Le mois d’avril touchait à sa fin. La mer était plus calme, le froid moins intense et, même s’il pleuvait souvent, l’activité avait repris à Barfleur. Les premiers marchands arrivaient pour attendre les bateaux qui allaient leur livrer l’alun, le safran, la cochenille, le pourpre ou le fer des Asturies... D’autres se préparaient à confier aux marins le sel, le vin, les futaines, les harengs, les céréales.
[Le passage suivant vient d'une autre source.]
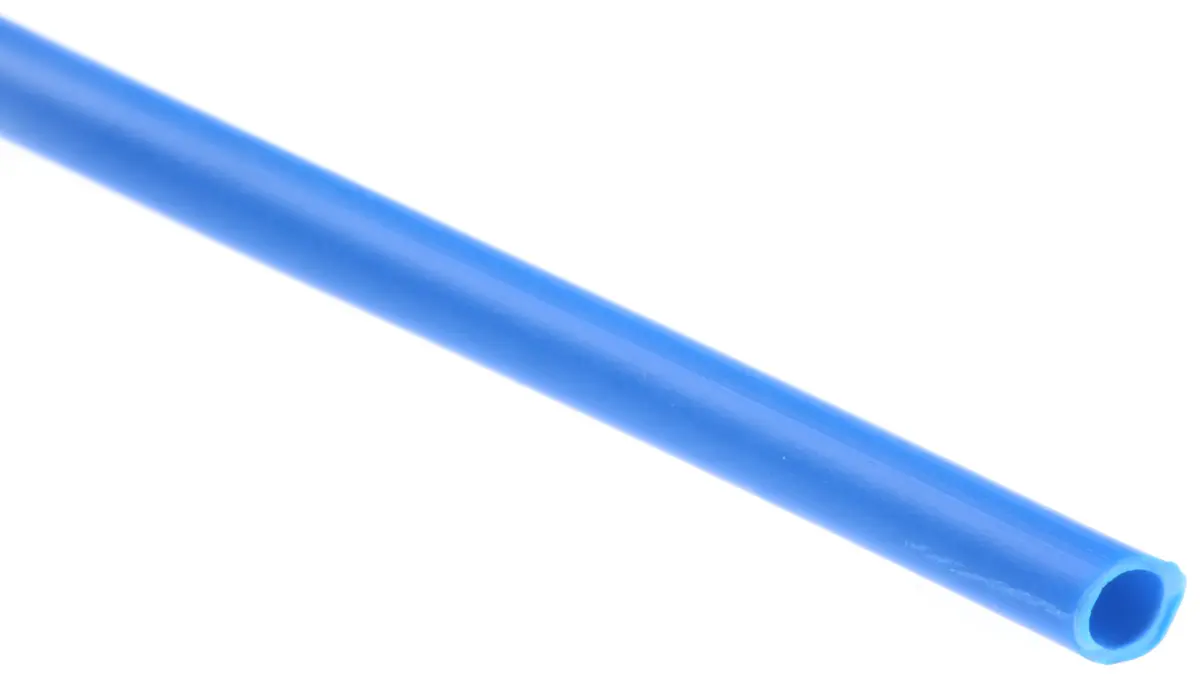 Produktfoto 1 von RS PRO Kabelschlauch Blau PVC für Kabel-Ø 2mm, Länge 50m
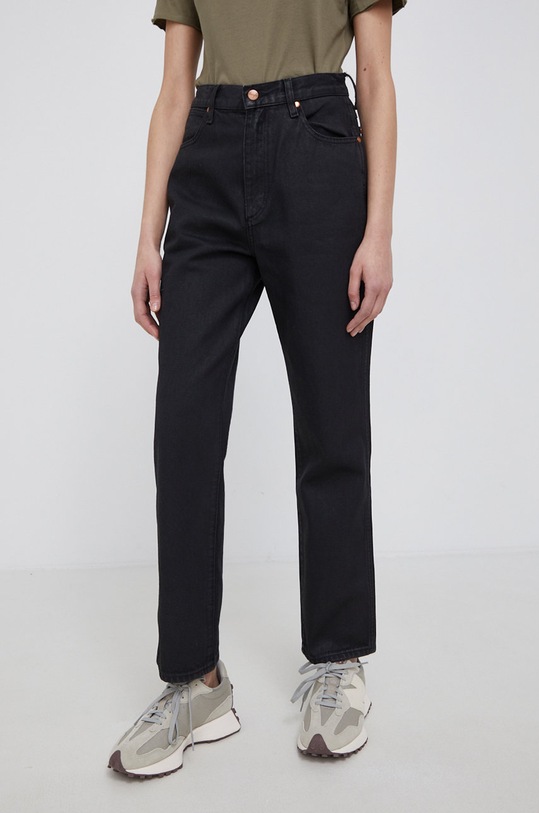 Wrangler Jeansy Wild West Planet friendly czarny W2H244100
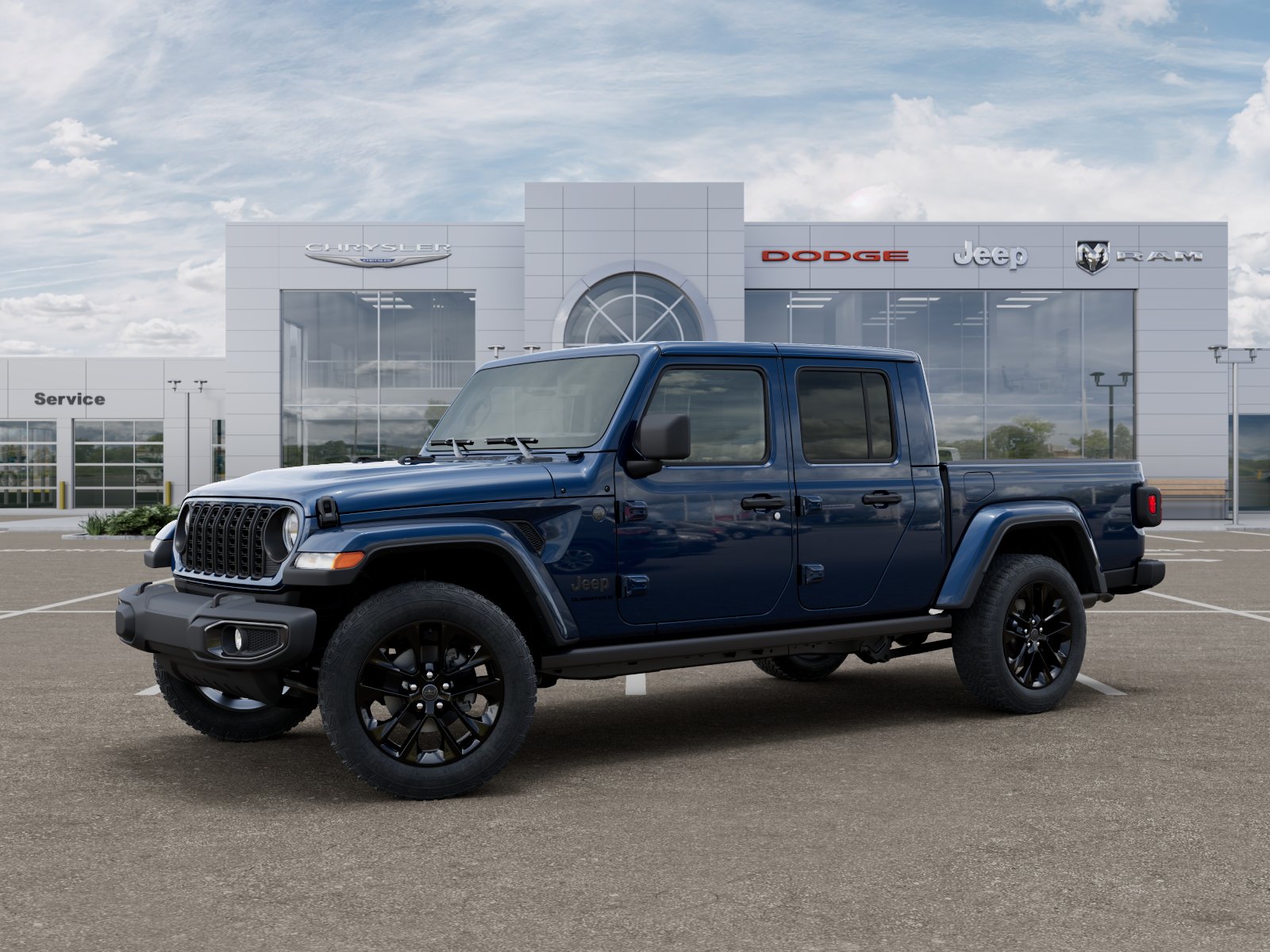 2025 Jeep Gladiator Nighthawk - Photo 18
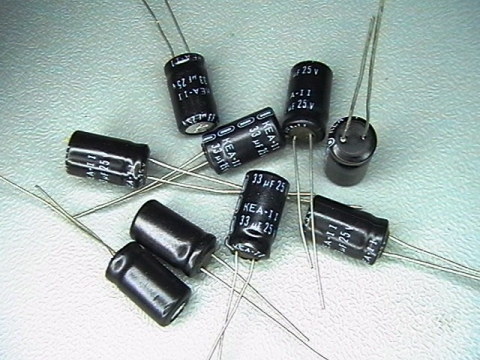 33?f/25V, 33uf capacitor   KEA-II
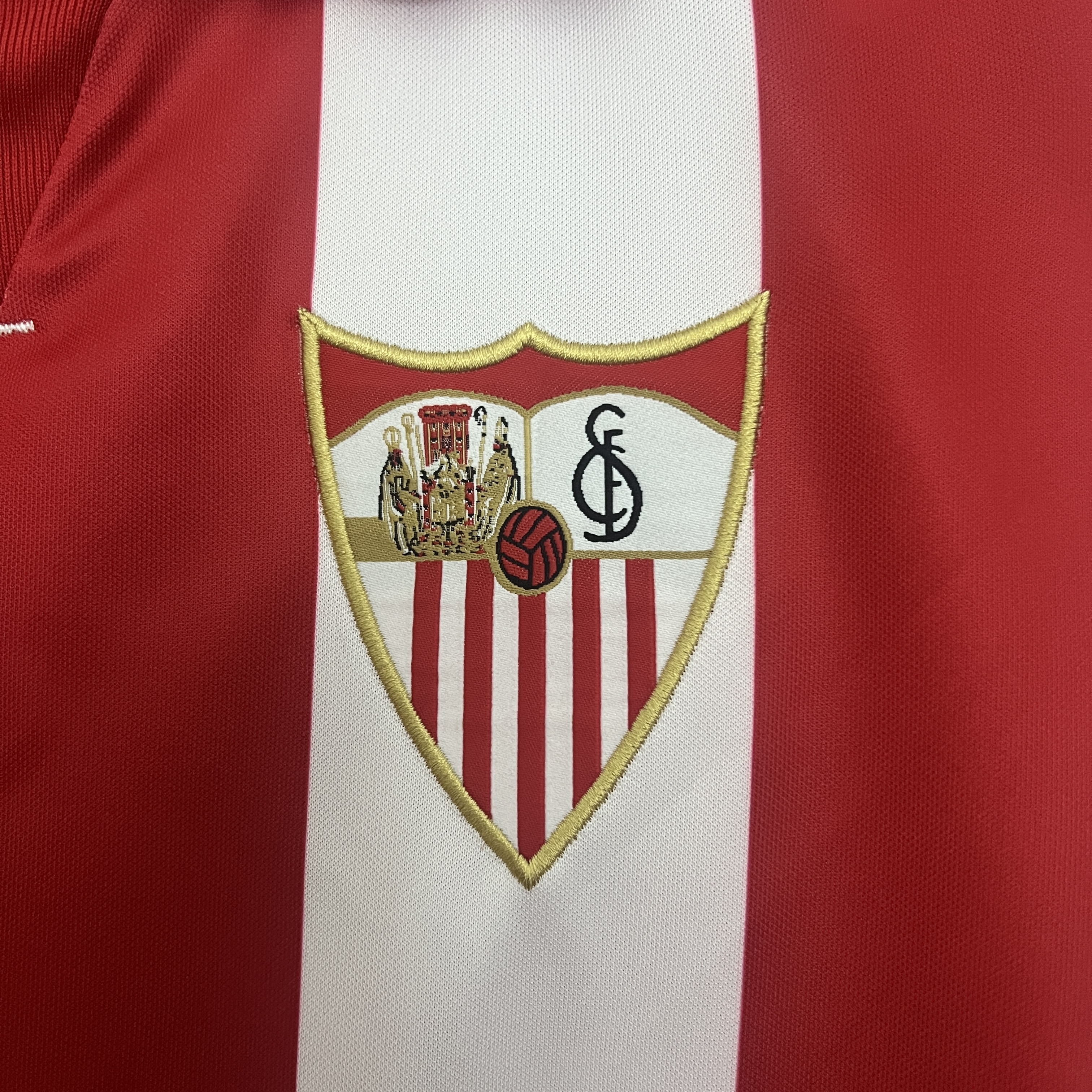 2015/2016 Sevilla Home Retro Football Jersey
Mousses, calfats, rameurs ou pilotes cherchaient des navires sur lesquels embarquer. Dans l’une des bâtisses de bois sur le port, des maîtres voiliers taillaient et recousaient les larges voiles carrées. Dans une autre, les charpentiers inspectaient les cyprès et les chênes coupés au solstice d’été. Le bois était sec et dur, ils allaient bientôt pouvoir l’attaquer à la hache.

— Nous levons l’ancre demain, jeta Harald qui surveillait le travail de ses hommes.

Knut ne répondit pas, les yeux braqués vers l’esnèque. Il changea d’épaule la lourde doloire, la hache à un seul tranchant qui ne le quittait jamais.

— Nous n’avons jamais été aussi loin de ce côté de la mer, toi et moi, reprit Harald.

— Non, répondit enfin le maître de la hache. Mais notre serpent saura nous y mener.

Le silence retomba entre les deux hommes. Cinq ans qu’ils naviguaient ensemble, aussi taciturnes et travailleurs l’un que l’autre, ils avaient la même passion pour la mer et pour leur navire.

— Tu connais Magnus le Noir ? demanda soudain l’homme de gouvernail.

Le charpentier jeta un bref regard vers son compagnon avant de reporter son attention sur le large.

— Je l’ai rencontré à l’époque où je naviguais à bord de l’esnecca régis. On le dit fils déchu d’un prince du Nord.

Il n’ajouta rien et le stirman enchaîna :

— Cinq jours qu’il est arrivé de Caen avec ses hommes, escortant un chariot bâché. Ils sont dix.

— Plus les nôtres et ces deux étrangers que nous devons embarquer. Nous serons donc un peu plus de quarante à bord.

— Avec un chargement dont nous ne savons rien... Seulement qu’il nous faudra l’amener jusqu’en Sicile.

— Pour qu’Henri II se sépare de Magnus le Noir, ce doit être précieux, renchérit Harald.

— Je n’aime pas ça. Magnus a été discret et les coffres qu’il transportait sont déjà à bord sous bonne garde, mais je suis sûr que tout le monde ici sait que notre bateau a été affrété par le roi et que sa garde d’élite sera du voyage.

— Ils peuvent penser que c’est pour nos passagers...

Knut haussa ses larges épaules.

— Je n’ai pas besoin d’être rassuré, je dis seulement que nous risquons des attaques aux escales et en mer, voilà tout. En plus, nous escortons ce knörr. Il va nous ralentir. Et une fois en Méditerranée... on m’a parlé des dromons des Sarrasins. Ils sont plus lourds et hauts que nos vaisseaux.

— Mais moins rapides et souples que notre serpent.

Une grimace, qui se voulait un sourire, éclaira le visage du charpentier qui se tut.